Affiliate Marketing And Revenue Sharing
Affiliate marketing refers to an incentive scheme set-up by online merchants to generate sales and grow their business. Basically, those who
sign up as an ‘affiliate’ with the merchant receive revenue share, sales commission, or a fixed rate depending on the parameters that the
merchant has set up. The most common schemes are the Cost-Per-Action (CPA) and Cost-per-sale (CPS) schemes – meaning that an affiliate is
remunerated from a referral to the merchant only if the customer/internet user buys or subscribes to the merchant’s website.

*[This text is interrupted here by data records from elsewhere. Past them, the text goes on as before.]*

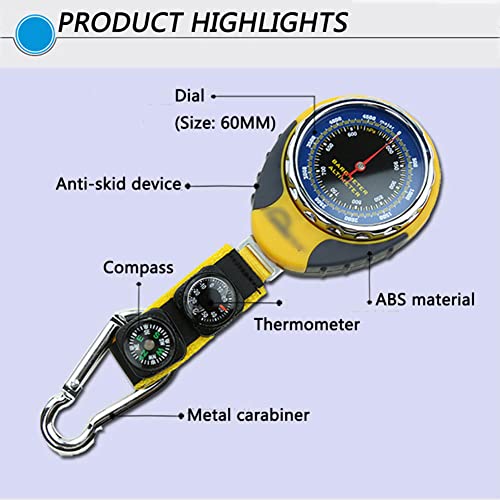 Foto von JINYISI Höhenmesser, 4-in-1-ABS-Höhenmesser, Outdoor-Bergsteiger-Zubehör, Höhenmesser, Kompass, Outdoor-Bergsteigerzubehör
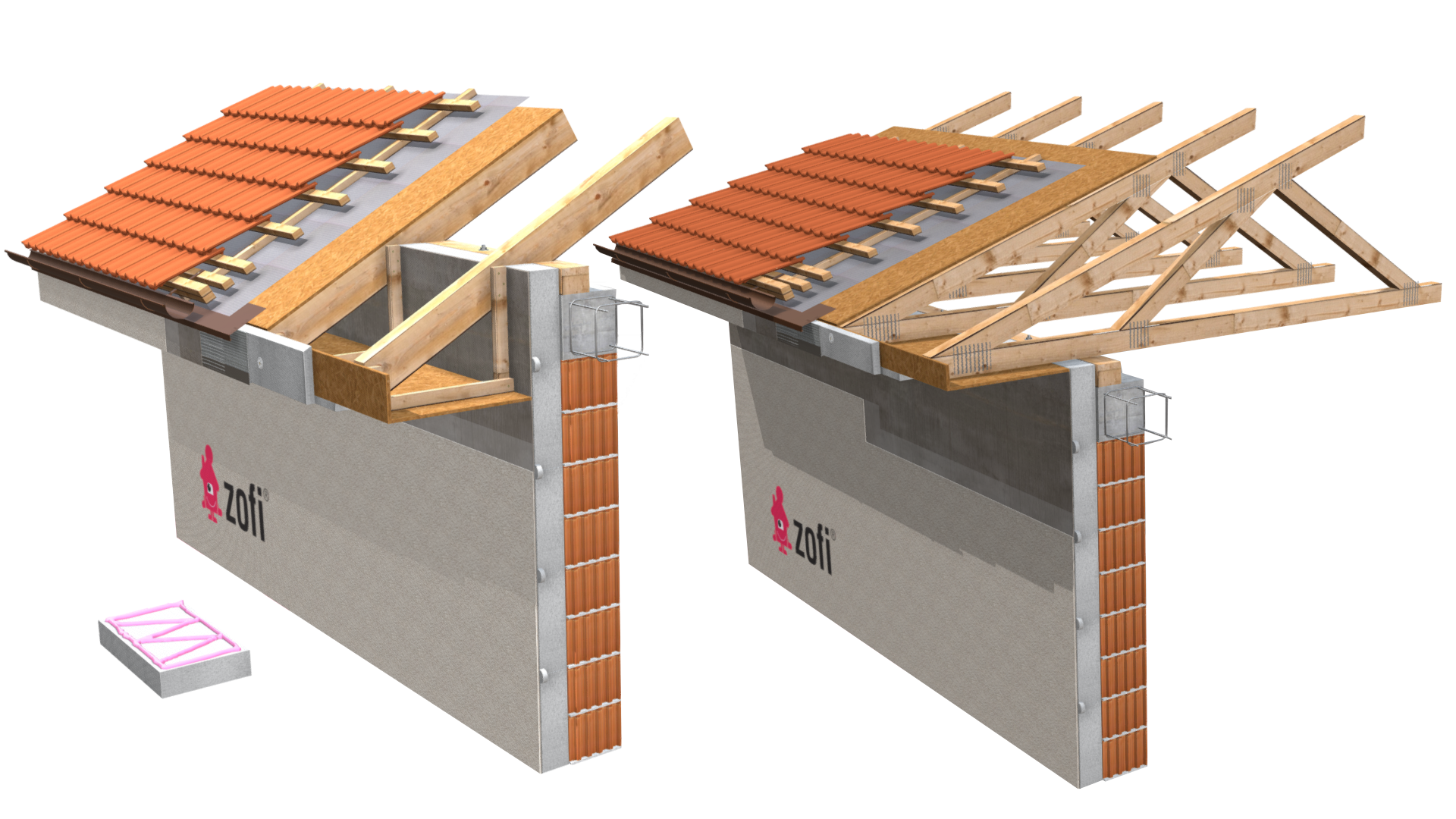 Zateplení a úprava podbití střechy s napojením na fasádu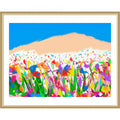 Joyful Landscape By Cesare Bellassai Art Wood Framed Wall Art Print
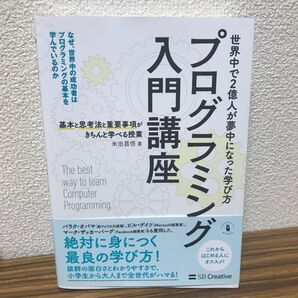 プログラミング入門講座 基本と思考法と重要事項がきちんと学べる授業
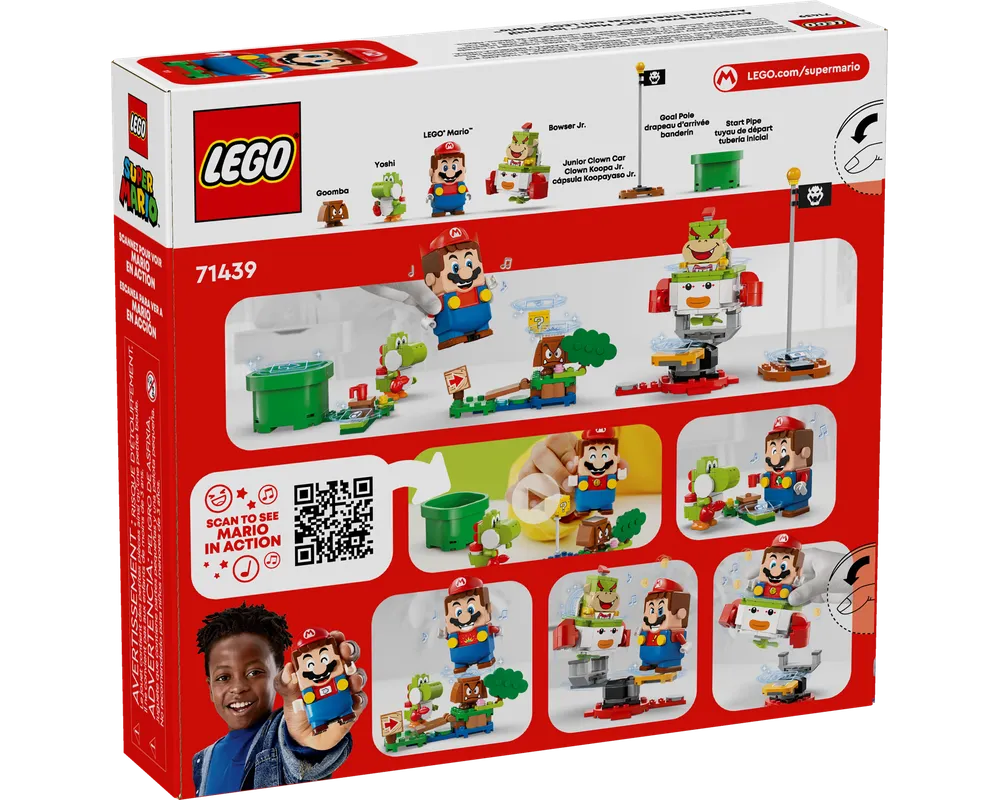 LEGO Super Mario 71439 - Adventures with Interactive LEGO Mario - Starter Course - Authentic LEGO Set Image 3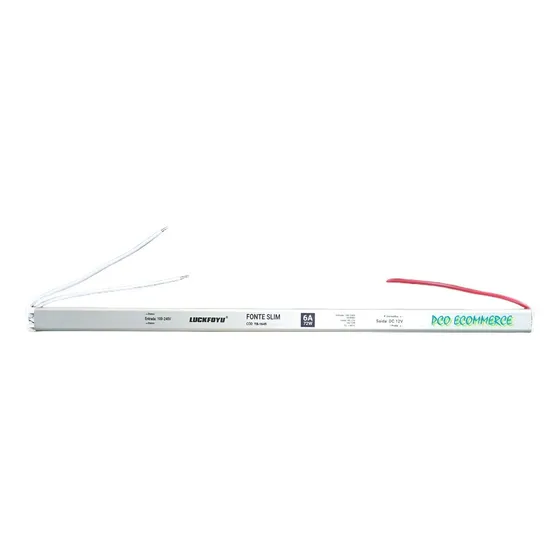 Fonte Slim Chaveada Ultrafina 24v 3a 72w P/fita Led Cftv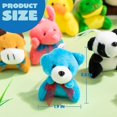 thumbnail image 2 of 72 Pack  Animal Plush Toys Bulk Set for Kids Party Favors, 2 of 7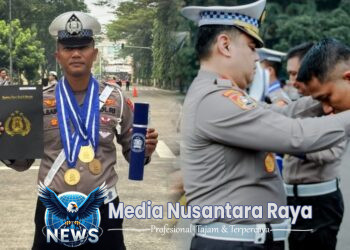 Tak Tangung-Tanggung, Personel Satuan Lalulintas Polsek Cikarang Pusat Sabet Tiga Penghargaan di Dikbangspes Lantas 2025
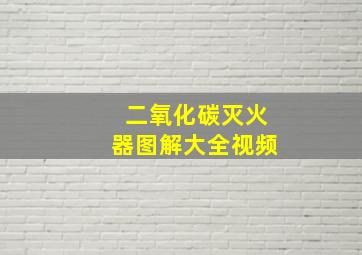 二氧化碳灭火器图解大全视频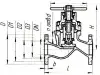15с5п bellows globe valve, DN25, PN16 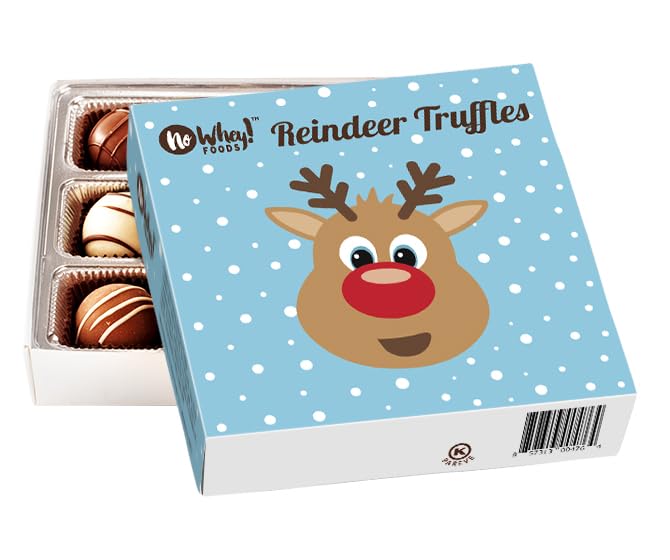 Vegan, Plant Based, Gluten Free Gourmet Chocolates | Rudolph's Truffle Collection (9 Pieces) | Dairy Free, Nut Free, Peanut Free, Soy Free | Allergy Friendly Gifts | By No Whey! Foods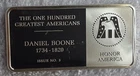 1976-Daniel Boone 32.7 Gram- 500gr .925 (STERLING SILVER ) Bar-The Franklin Mint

Some incentive schemes work on a Cost-Per-Click basis (CPC) which means that the affiliate earns when an advert is just clicked upon (or the
user is redirected in some way from the affiliate’s website or email to the merchant.) This is also closely linked in with the Cost-per-mil (CPM)
method, where the affiliate is paid for just displaying the adverts on their site. Although these two methods only account for 1% of affiliate
marketing, due to many fraudsters taking advantage of it and therefore becoming too risky for the merchant. The more common CPA/CPS schemes
mentioned above bare no risk at all to the merchant.
Affiliate marketing owes its roots to the revenue sharing idea that has been around long before the internet. However, affiliate marketing
itself was birthed in late 1994, when companies like CDNOW and Amazon.com saw this low-cost opportunity to grow their online business. The
success of those companies proves in many ways the success of the affiliate marketing system.
Affiliate marketing can sometimes be confused with Google’s AdSense scheme, which is not entirely the same. Google’s AdSense works with
contextual advertising, and is not considered true Affiliate Marketing.